Saturday, February 16, 2019
Maestus
Maestus
Deliquesce
code666
8 February 2019
This band must have pondered for a long time the question: What do you have to do if your objective is making your music sound, above all, beautiful? You already know how to be heavy. You already know to how growl like lion and you already know how to do raspy vocals. If you wanted to, you know to how do sick black metal. You already know to do death doom. You figured out how to sound somber. You know all this. Heavy. Slow. Growling. Fast parts. All those bases are covered. Now how do you go about making it beautiful? Or at least, beautiful to fans of metal and doom, given that beauty is in the eye of the beholder?
This is how they solved the riddle that they put before themselves. The guitars stay away from abrasive, loud obnoxious pounding groove or power chord rhythms, and focus on developing slow or midtempo melodies that make possible a quick understanding of what one is hearing. It is pleasant, mellow, soothing sounds, not overpowering loudness. The music doesn’t ask you to be quick or be dead, it asks you to settle down and enjoy the melodies. It doesn’t demand that you love it or leave it, it is patient with you, and gives the room and time to figure out the epic heaviness at hand.

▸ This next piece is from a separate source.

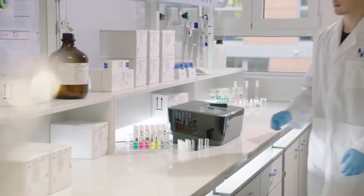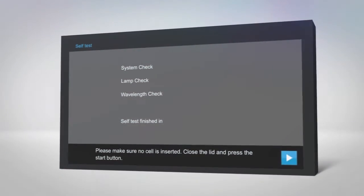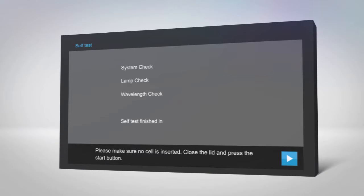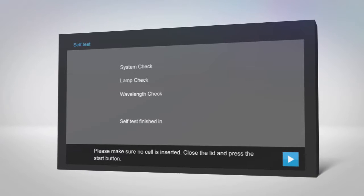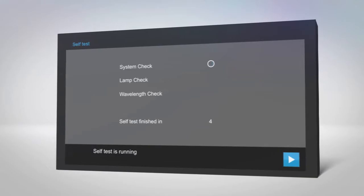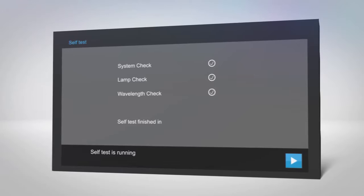To begin, click the ON switch at the back of the instrument. The program will take a few moments to start. When the software is ready, you will be asked to check for any remaining cells. Please make sure that there are no cuvettes inside the instrument. Close the lid and press Start. The instrument will then run an automatic check on the operating system, lamp, and wavelength accuracy.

Growling in metal in general is harsh on the ears, though it may sound good to the people who are already fans of it. Screaming has the same problem. This album does have a bit of black metal raspy vocals, but the band is keenly aware that they have to be careful with it. Therefore, they couple it with the lower growling to soften the harshness in order to steer it towards elegance in doom. The main vocal style is the low growling that is present as a vibe, a mood, a gentle monster, if you will, not as a shock to the ear. With such an album, and given that the band is already big time on this road, they would benefit from allowing themselves even more freedom by letting the melodies stand out even more. The keyboards work well with the album and it would be great to go at it and use them on a more upfront or at least on a more constant basis throughout the songs. This album is recommended highly to devoted fans of death doom, especially fans of the melodic-melancholic elegant-sublime kind of death doom.